Again, I own the straight cable version of the M50, so I'm unsure if there's a difference in quality between it and the coiled version. With that said, while the finish is nothing out of the ordinary on the M50 I still find it to be superior to the TMA-1's. The latter sports a grippy, almost grimy finish. In addition, while the coiled design may be welcome for DJing, it's somewhat of an inconvenience for general listening. I also think the M50's termination is more well designed. Both have a threaded 1/4" adapter, but the way the M50's clicks into place when it's fully fastened is a subtle but welcomed bit of engineering.
The design of the headphones themselves are both top-notch and obviously built durable enough to handle the stresses of professional use. While the M50 is primarily plastic, it in no way feels cheap and has no perceivable point of weakness.
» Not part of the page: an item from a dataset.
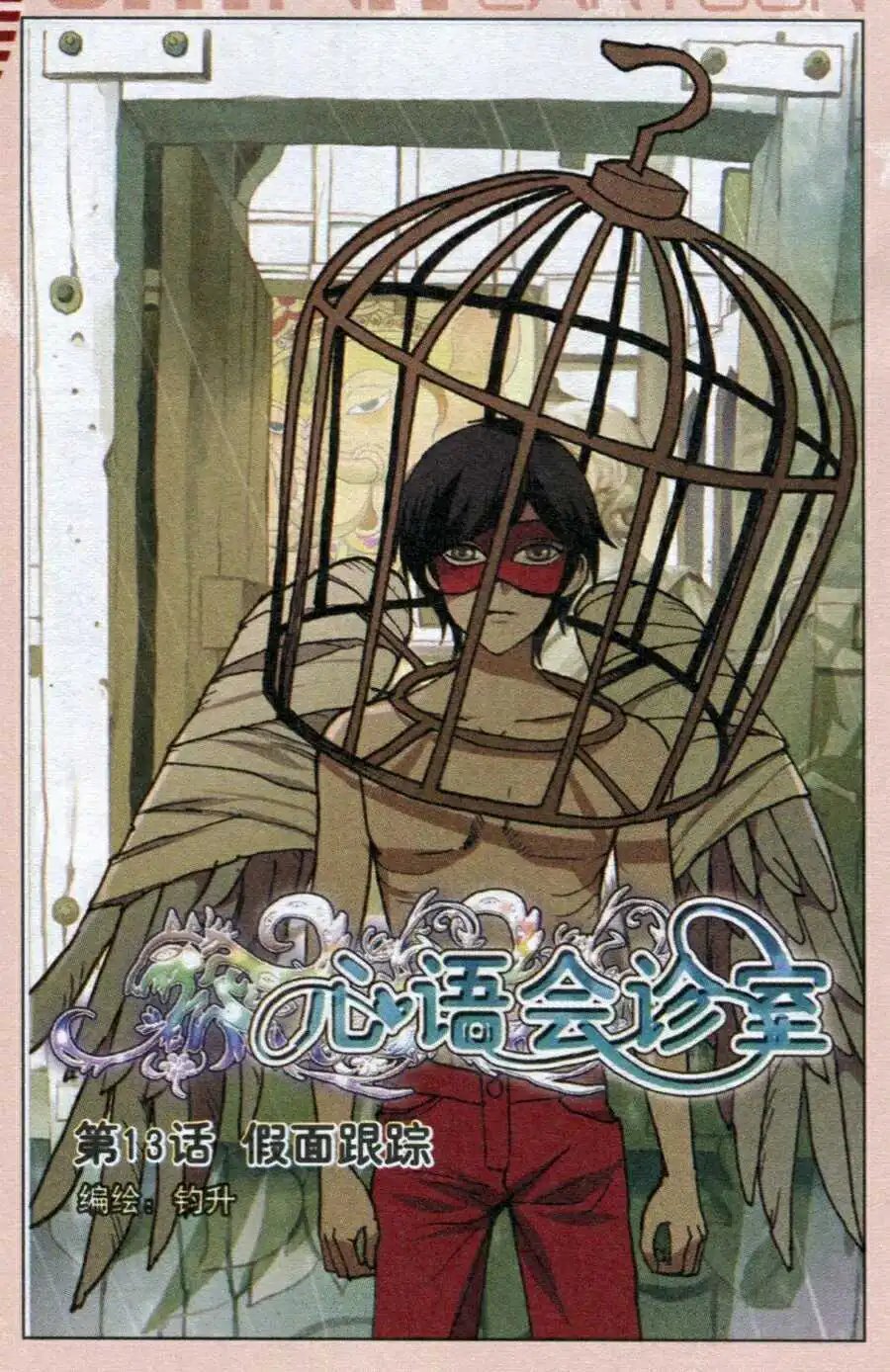 第13话 假面跟踪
The headband has a bit of flexibility and the overall build is a reasonably comfortable circumaural design. It does have slightly more clamping force than ideal for my head and I can always feel that it's there, but I can enjoy it for at least a few hours before any discomfort sets in.
I have to admit, I traditionally don't like the fit of supra-aural headphones. This made picking up the TMA-1 a bit of a gamble before I ever pumped sound into them, but the reports of a "loose fit" intrigued me. I've read reports of AiAiAi changing the headband to one with more tension for the latest production release and, if this holds true, I probably received one of them. They're far from "falling off" as others reported as I can shake my head to an unnatural degree without them budging. However, their clamping force is not excessive at all. Due to the composite material the headband is made from, they have enough tension to stay put without putting any extra stress on the ears or cranium. The semi-leather pads are also extremely plush while the earcups themselves are on a bit of an axis increasing the level of comfort. They don't quite disappear the way my Sennheiser HD600 used to, but I've worn them for up to 4 hours straight without any sort of discomfort. (and have yet to experience any, for that matter) I'm wearing them on the second to smallest setting but would've preferred a setting just between that and the standard. The whole headphone is protected by a thin rubberized coating that feels very smooth and clean in contrast to the finish of the cable. It also seems to be highly protective as I've already bumped it into my coffee table and desk a few times with nary a mark. It does, however, accumulate fingerprints a bit easy, but a quick wipe on the shirt or sleeve restores them to their pristine, monolithic glory. Interestingly the unfatiguing and durable nature of the design carries over into the TMA-1's sonic principles as well...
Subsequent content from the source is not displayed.